**DATASET EXCERPT:**
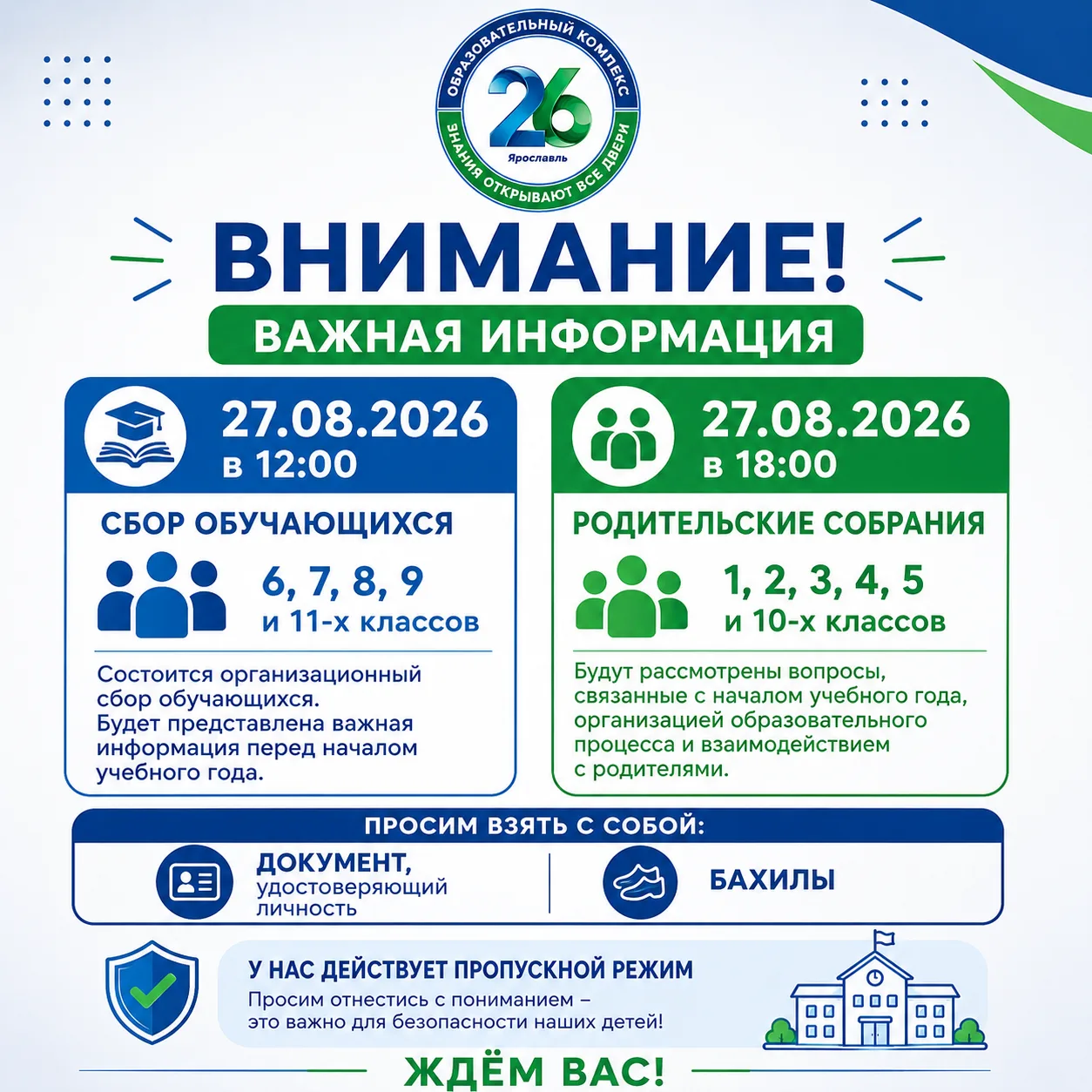 📢 Уважаемые родители, обучающиеся!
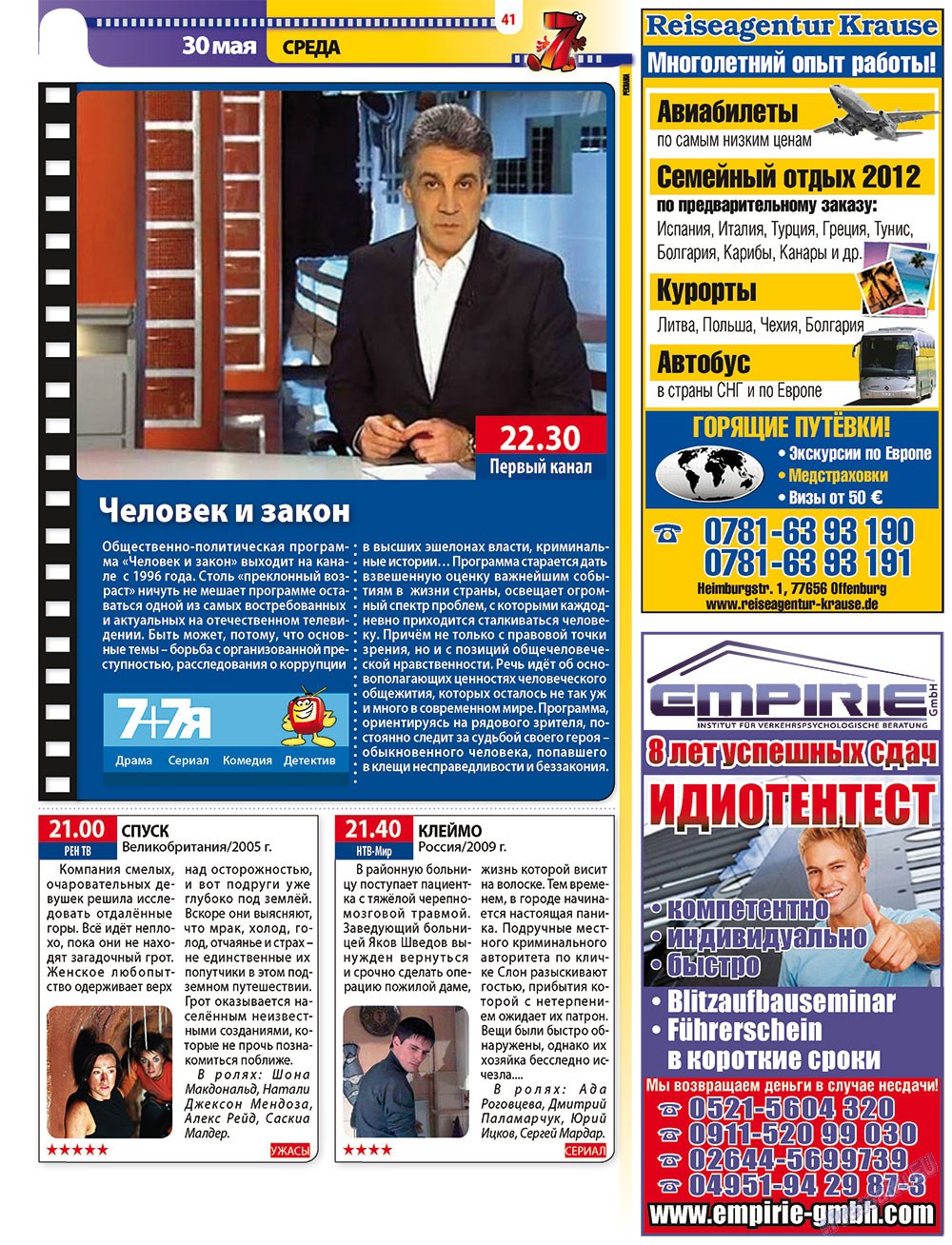 7plus7ja (Zeitschrift). 2012 Jahr, Ausgabe 21, Seite 41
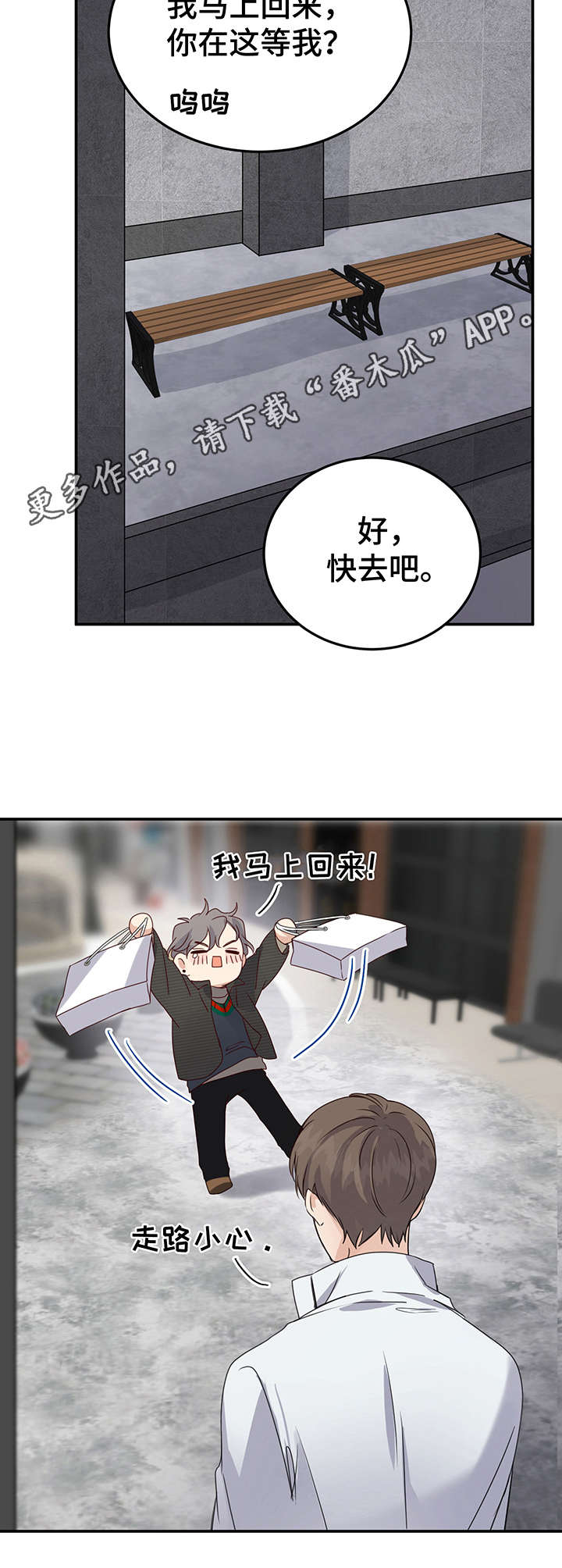 第9章：打扮10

**WHAT THE TASK ASKS:**
For this exercise, retype the listing above word for word and omit the pictures.

**ANSWER TO THE EXERCISE:**
 📢 Уважаемые родители, обучающиеся!
 7plus7ja (Zeitschrift). 2012 Jahr, Ausgabe 21, Seite 41
 第9章：打扮10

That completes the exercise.